Zoning hearings on Spencer Sand & Gravel Inc.'s request to resume surface mining next to its closed rubble landfill in Abingdon will be restarted tomorrow night in the Harford County Courthouse.
Owners of the controversial mining and rubble fill business are contesting a 1994 decision by the county zoning administrator requiring them to obtain a special exemption to resume mining activity in what today is a largely residential area.
Attorneys for the family-run sand and gravel business have argued that the Spencers are "intensifying" an operation that existed before Harford County even had a zoning code.
The family's property is a "nonconforming use," which requires no further zoning approvals, they say.
The Spencers have owned about 150 acres on the east and west sides of Abingdon Road just north of Interstate 95 since the 1940s, when the area was rural.
The county contends that the Spencers' right to mine extends only to the 11 acres covered by a mining permit granted before the neighborhood was rezoned for low-intensity residential use.
Residents surrounding the Spencer property fear a resumption of mining will lead to the reopening of the rubble fill, which the Spencers operated on the same site as its sand and gravel operation for about 15 years.
The rubble fill was closed in 1992 by the Maryland Department of the Environment after repeated infractions ranging from illegal dumping to ground water contamination.
In September, the state Department of Natural Resources granted John W. Spencer Jr. a permit to surface mine 18 additional acres on the east side of Abingdon Road on the condition that the operation comply with county zoning requirements.
But in November, then-county Planning Director William Carroll informed Mr. Spencer that any new mining on the 84-acre east-side tract would require applying for a "special exception," which allows a commercial venture in a residential zone.
Mr. Spencer appealed Mr. Carroll's decision to the zoning hearing examiner.
In three hearings on the appeal in May, witnesses for Spencer Sand & Gravel testified that the family had been mining sand and gravel on parts of its east and west properties before 1957, when zoning was established in the county.
Aerial photos taken at various times between 1938 and 1989 also were presented, revealing topographic changes in the Spencer property through the years and increasing residential development in the surrounding area.
l When hearings resume tomorrow night, questioning of an environmental site assessor hired by the Spencer family to investigate the history of their property will continue.
Harford County attorneys have yet to present their case.
They are expected to argue that the company repeatedly has mined outside its permitted area and that any expansion into a new area would require additional approval by the county Board of Zoning Appeals.
The Abingdon area has changed considerably since the Spencer operation obtained its first mining permit in 1977.

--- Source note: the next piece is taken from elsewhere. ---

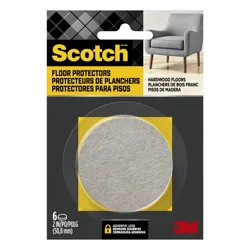 Scotch 6 -Pack 2-in Beige Round Felt furniture pads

In 1988, the Master Land Use Plan designated the family's property on the east side of Abingdon Road as low-intensity residential and the west side as medium-intensity residential.
Since 1990, more than 540 single-family homes have been built or approved for construction in the area surrounding the rubble fill and mining operation on the east tract.
Tomorrow's hearing is scheduled for 7 p.m. in the County Council chambers on Level A of the courthouse in Bel Air.